BEGIN Records for this exercise

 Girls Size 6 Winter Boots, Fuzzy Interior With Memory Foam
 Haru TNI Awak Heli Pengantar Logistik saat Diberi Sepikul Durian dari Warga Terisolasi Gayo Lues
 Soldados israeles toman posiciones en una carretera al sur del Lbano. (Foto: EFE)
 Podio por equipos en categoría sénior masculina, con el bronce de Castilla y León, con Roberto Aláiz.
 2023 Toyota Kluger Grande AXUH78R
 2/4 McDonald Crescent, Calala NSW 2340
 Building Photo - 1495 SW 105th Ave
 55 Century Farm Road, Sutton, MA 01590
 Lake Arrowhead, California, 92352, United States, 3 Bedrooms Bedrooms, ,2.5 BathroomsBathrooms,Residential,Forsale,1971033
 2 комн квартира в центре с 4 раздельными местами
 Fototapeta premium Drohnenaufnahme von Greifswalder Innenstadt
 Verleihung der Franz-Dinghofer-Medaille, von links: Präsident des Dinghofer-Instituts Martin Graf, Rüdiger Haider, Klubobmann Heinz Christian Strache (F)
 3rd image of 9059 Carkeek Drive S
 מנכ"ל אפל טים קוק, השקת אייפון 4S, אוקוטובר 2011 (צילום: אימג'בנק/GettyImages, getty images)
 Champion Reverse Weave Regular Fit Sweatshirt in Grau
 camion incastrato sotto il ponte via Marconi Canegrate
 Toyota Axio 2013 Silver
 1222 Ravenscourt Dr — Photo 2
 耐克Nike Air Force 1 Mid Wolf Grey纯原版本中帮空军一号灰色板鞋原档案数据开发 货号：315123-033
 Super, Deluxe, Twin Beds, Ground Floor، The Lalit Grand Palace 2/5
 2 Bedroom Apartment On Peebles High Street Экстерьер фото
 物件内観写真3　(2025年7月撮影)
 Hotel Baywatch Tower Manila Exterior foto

END Records for this exercise

* [Action item] Nothing may be omitted; retype every record exactly.

* [Answer below]
 Girls Size 6 Winter Boots, Fuzzy Interior With Memory Foam
 Haru TNI Awak Heli Pengantar Logistik saat Diberi Sepikul Durian dari Warga Terisolasi Gayo Lues
 Soldados israeles toman posiciones en una carretera al sur del Lbano. (Foto: EFE)
 Podio por equipos en categoría sénior masculina, con el bronce de Castilla y León, con Roberto Aláiz.
 2023 Toyota Kluger Grande AXUH78R
 2/4 McDonald Crescent, Calala NSW 2340
 Building Photo - 1495 SW 105th Ave
 55 Century Farm Road, Sutton, MA 01590
 Lake Arrowhead, California, 92352, United States, 3 Bedrooms Bedrooms, ,2.5 BathroomsBathrooms,Residential,Forsale,1971033
 2 комн квартира в центре с 4 раздельными местами
 Fototapeta premium Drohnenaufnahme von Greifswalder Innenstadt
 Verleihung der Franz-Dinghofer-Medaille, von links: Präsident des Dinghofer-Instituts Martin Graf, Rüdiger Haider, Klubobmann Heinz Christian Strache (F)
 3rd image of 9059 Carkeek Drive S
 מנכ"ל אפל טים קוק, השקת אייפון 4S, אוקוטובר 2011 (צילום: אימג'בנק/GettyImages, getty images)
 Champion Reverse Weave Regular Fit Sweatshirt in Grau
 camion incastrato sotto il ponte via Marconi Canegrate
 Toyota Axio 2013 Silver
 1222 Ravenscourt Dr — Photo 2
 耐克Nike Air Force 1 Mid Wolf Grey纯原版本中帮空军一号灰色板鞋原档案数据开发 货号：315123-033
 Super, Deluxe, Twin Beds, Ground Floor، The Lalit Grand Palace 2/5
 2 Bedroom Apartment On Peebles High Street Экстерьер фото
 物件内観写真3　(2025年7月撮影)
 Hotel Baywatch Tower Manila Exterior foto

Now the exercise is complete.